Mandl’s mother is a pianist, and he grew up listening to the Goldberg. Spoken like a true bow-and-rosin man: “Half the time, I was bored. It didn’t really draw me in until I heard the string orchestra version. After I heard that, I made it a mission to acquire the music. On the keyboard, the lines are so close-knit; if you pull them apart just a little, you can really hear where they’re going.”

Mandl was floored when he heard that Almond was also planning a string version of the Goldberg this season, also at the Wisconsin Conservatory, where the Philomusica is in residence: “Oh my God, what a coincidence!”

He was initially concerned about splitting the audience, but now thinks that a performance of the trio version might pique interest in the quintet. The same story can be told in more than one voice.

The Philomusica is together all the time. Almond’s musical partners, Arron and Armbrust, are coming to Milwaukee from elsewhere to rehearse for a couple of days and put on the concert. They have a lot to think about.

“Do we take the repeats in the dances?” Almond mused. “All of them, or some of them? What does that do to the arc of the form? The variations do have an arch [they assemble, in fact, into an arch form], a story to tell. And each variation has its own character. Some dances are more like dances, and some are very free. These are all things we have to settle — in two days.”

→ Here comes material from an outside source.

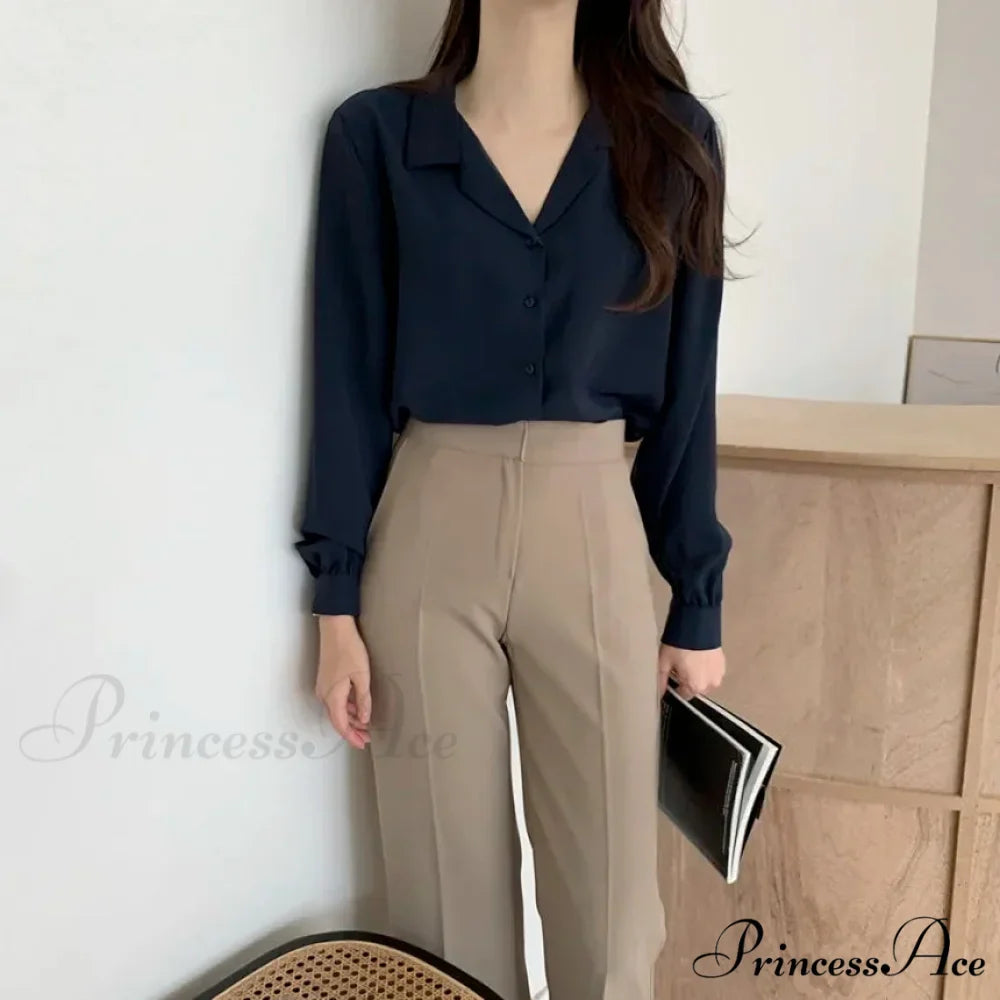 Stylish Lantern Sleeve Suit Collar Baggy Office Blouse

Concerts begin at 7 p.m. Monday and Tuesday, Nov. 28-29, at the Wisconsin Conservatory of Music, 1584 N. Prospect Ave. Tickets are $36, $10 for students. Buy on line at the Frankly Music website. The Wisconsin Lutheran College box office is handling phone orders; 414 443-8802.

 

 

0 thoughts on “Bach’s “Goldberg,” for strings at Frankly Music”

  1. Anonymous says:

    really looking forward to this. The Sitkovetsky trio arrangement has been my version of choice since I first heard it. Dispite the many enjoyments of playing the work on the piano myself and comparing many keyboard interpretations on cd, I feel that it works better musically from start to finish in this version for strings than it does on the piano, no matter who is playing it. Aand I’m definitely lusting after the quintet, which I haven’t heard.

  2. Anonymous says:

    it must be many times more challenging for strings than it is on the piano, and, in fact, compared to the rich diet of the Well-Tempered, it is relatively lean scoring for Bach pianists whose ears and habits are accustomed to fugue writing.

  3. Anonymous says:

    I see no justification for taking any of the repeats in Variation 25, which many have considered to represent the cruicifixion.

  4. Anonymous says:

    for the above reason in Variation 25, the final descending scale-like sequence is like the final breath leaving the lungs, none of this variation should ever be rushed. It should be played as if Richard Wagner was on his knees at the foot of the cross.